One is that Mr. Champagne may have backed himself into a corner by taking the line following RCGT’s investigation that he would wait on additional reports, without having control over their timing. Contacted by The Globe and Mail, neither the Auditor-General’s office nor McCarthy Tétrault (which is looking specifically into alleged human-resources problems, such as termination policies) provided any clarity on when their reports will be ready.
A second possible factor is the political environment. The Conservatives, despite having overseen SDTC when they were last in office (and when Ms. Lawrence was appointed CEO), are now branding the agency a “Liberal green slush fund” while saying they’d get rid of it. Already playing defence on many other fronts, the government might be reluctant to avoid breathing fresh life into the controversy.

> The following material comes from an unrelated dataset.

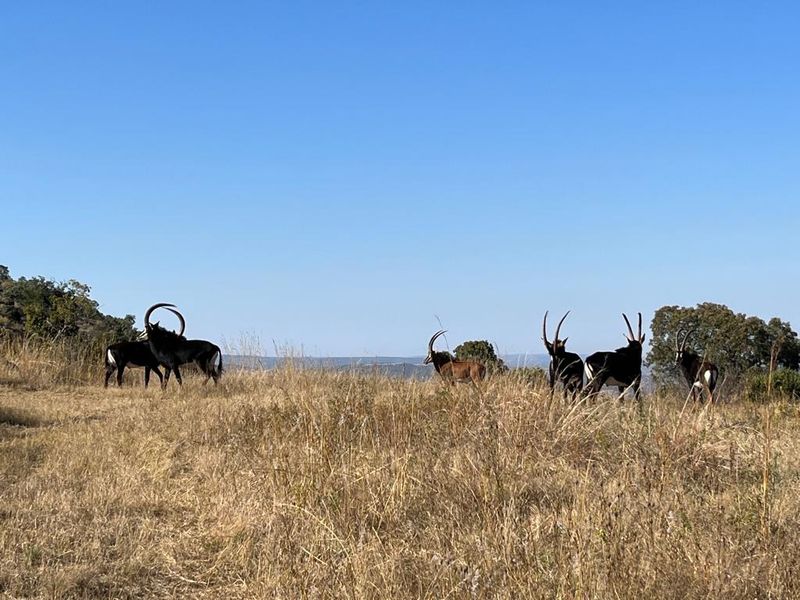 850 ha Fully Developed Game Farm for Sale | Turn-Key Wildlife & Hunting Operation | Swartruggens NW - Photo 9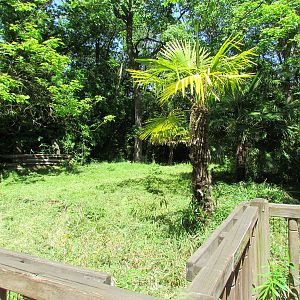 Elephant Forest - Former Demonstration Area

Underlying that lack of political incentive to move swiftly, or keep SDTC going at all, is the reality that early-stage clean-tech is not a powerful lobby in Ottawa.
That owes partly to preprofit companies not having resources to fund big industry associations. When the modestly sized Cleantech Alliance released its survey last month, along with a letter to Parliament’s standing committee on industry and technology pleading for SDTC to be restored, hardly anyone seemed to notice.
Whether it should require much intervention for politicians to recognize the damage of leaving hundreds of promising clean-tech startups twisting in the wind – even as the Liberals’ economic strategy rests heavily on seizing competitive opportunities from decarbonization, and the Conservatives say their approach to climate change would involve “technology not taxes” – is a different matter.
Some of the companies may nevertheless prove resilient, if they have enough experience and adaptability.
In the interview, Mr. Melati, who has previously led other early-stage companies, said that after QEA modified its scale-up plans this winter, it’s begun to rebuild its partner relationships and is confident about moving forward more slowly.
He also said that his company has no plans to move out of Canada as of now. But he hinted at flight becoming a growing danger for the sector, as the situation drags on.
“The gap between the startups in Canada and the U.S. is much larger now,” he said. “We’re going backward.”